The recent mini-correction in stocks has been driven mostly by technical factors and should reverse as companies progress through earnings season, according to J.P. Morgan strategists.

One of the key figures will be share buybacks, which have propelled much of the nine-year-old bull market and will resume as more S&P 500 companies report and emerge from the pre-earnings quiet period. Other factors cited that could contribute to a turnaround include a generally stronger profit outlook, a decline in volatility and current bearish positioning that will reverse as confidence returns.

“Ultimately, the evolution of fundamentals rather than technicals will dictate the duration and end of this cycle,” Dubravko Lakos-Bujas, head of U.S. equity strategy at J.P. Morgan, said in a note to clients. “Tame inflation combined with a still positive earnings backdrop and non-inflationary growth should allow this bull market to run for longer.”

Lakos-Bujas sees the technical-driven selling as about 80 percent over. Systematic strategies along with commodities trading advisors are helping to drive the drawdown, which saw the S&P 500 shed about 7 percent at one point.

The major averages have climbed back and recovered much of their losses, though Thursday saw another decline after minutes from the most recent Federal Reserve meeting, released Wednesday, indicated the central bank remains committed to a steady diet of interest rate hikes ahead.

Longer-term fundamentals indicate that the downdraft should pass soon, Lakos-Bujas said.

Wall Street figures companies will buy back upwards of $1 trillion of their own shares this year, thanks in part to a windfall from last year’s tax cut, which lowered the corporate rate and provided incentive to repatriate profits stored overseas. The buybacks will help improve market liquidity and inspire confidence about the overall market picture, according to the J.P. Morgan report.

The current situation is “a temporary correction within an ongoing bull market,” Lakos-Bujas wrote.

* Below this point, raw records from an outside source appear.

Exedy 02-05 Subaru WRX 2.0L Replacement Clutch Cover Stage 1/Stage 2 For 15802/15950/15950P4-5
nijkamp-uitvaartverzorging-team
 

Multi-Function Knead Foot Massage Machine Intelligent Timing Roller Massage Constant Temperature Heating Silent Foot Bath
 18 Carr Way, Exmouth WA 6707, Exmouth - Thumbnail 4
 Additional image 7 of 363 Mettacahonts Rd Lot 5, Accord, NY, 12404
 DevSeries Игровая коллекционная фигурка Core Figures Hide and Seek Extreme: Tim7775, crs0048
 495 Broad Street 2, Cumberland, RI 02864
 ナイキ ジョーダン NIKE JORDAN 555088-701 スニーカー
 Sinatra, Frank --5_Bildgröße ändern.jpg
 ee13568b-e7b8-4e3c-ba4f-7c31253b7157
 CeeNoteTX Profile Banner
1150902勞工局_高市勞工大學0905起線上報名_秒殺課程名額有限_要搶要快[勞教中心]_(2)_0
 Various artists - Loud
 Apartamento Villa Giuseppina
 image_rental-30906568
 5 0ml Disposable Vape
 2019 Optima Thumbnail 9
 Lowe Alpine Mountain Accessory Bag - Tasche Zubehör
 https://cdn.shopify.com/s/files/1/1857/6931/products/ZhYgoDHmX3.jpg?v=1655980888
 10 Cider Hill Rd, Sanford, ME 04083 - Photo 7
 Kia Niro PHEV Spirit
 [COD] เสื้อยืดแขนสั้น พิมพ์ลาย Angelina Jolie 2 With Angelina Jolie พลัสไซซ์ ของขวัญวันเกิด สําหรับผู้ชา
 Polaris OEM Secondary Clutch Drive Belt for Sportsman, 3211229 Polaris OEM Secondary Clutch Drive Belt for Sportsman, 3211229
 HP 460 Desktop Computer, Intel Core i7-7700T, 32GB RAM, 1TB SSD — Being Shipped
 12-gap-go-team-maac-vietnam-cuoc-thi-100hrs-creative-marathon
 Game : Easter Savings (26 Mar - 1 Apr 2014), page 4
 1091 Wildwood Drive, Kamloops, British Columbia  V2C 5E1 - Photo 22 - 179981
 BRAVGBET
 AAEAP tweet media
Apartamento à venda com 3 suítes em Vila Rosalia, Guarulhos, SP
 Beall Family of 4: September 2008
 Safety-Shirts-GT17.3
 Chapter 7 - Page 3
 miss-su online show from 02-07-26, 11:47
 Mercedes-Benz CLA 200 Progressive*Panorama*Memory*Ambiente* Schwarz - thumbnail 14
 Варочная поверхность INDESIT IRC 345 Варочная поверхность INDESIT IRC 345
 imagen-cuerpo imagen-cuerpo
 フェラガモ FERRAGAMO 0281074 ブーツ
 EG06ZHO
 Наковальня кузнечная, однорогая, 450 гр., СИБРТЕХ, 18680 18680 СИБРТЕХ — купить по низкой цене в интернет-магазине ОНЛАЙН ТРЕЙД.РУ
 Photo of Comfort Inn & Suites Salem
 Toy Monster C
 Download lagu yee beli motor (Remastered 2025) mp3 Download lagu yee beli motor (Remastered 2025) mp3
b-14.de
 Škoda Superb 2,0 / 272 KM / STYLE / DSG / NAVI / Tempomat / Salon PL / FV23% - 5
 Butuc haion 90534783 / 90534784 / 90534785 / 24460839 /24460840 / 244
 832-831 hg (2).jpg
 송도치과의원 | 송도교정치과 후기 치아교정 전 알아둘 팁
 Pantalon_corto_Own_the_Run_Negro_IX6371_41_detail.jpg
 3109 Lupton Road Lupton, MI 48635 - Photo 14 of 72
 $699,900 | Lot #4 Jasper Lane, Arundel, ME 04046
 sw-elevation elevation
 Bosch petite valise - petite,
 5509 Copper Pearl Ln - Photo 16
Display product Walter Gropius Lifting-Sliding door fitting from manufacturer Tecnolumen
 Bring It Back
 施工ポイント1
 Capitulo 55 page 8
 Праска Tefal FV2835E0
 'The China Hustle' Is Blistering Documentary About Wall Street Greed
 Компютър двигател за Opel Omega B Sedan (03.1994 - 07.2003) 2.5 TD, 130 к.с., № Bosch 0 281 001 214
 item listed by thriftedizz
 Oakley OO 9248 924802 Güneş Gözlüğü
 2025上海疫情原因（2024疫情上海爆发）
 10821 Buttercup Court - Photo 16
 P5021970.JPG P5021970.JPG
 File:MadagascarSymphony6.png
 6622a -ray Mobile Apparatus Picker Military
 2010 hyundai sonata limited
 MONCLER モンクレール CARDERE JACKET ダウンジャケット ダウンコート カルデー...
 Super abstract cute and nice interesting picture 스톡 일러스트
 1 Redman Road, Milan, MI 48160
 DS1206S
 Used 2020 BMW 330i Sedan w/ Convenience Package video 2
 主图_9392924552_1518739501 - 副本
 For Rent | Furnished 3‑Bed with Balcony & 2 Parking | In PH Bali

In particular, the firm likes small-cap stocks because of their risk-reward picture as well as mega-caps that will benefit from defensive positioning that prevailed heading into the sell-off and could reverse after another strong earnings season. The S&P 500 collectively is expected to show a year-over-year profit gain of 19.1 percent, according to the latest FactSet estimates.

Both the S&P 500 and the Russell 2000, which tracks small-cap stocks, hit “extremely oversold” levels last week, according to the analysis.

“In addition to being cheap in absolute terms, valuation looks even cheaper if taken in context of low global interest rates,” Lakos-Bujas said.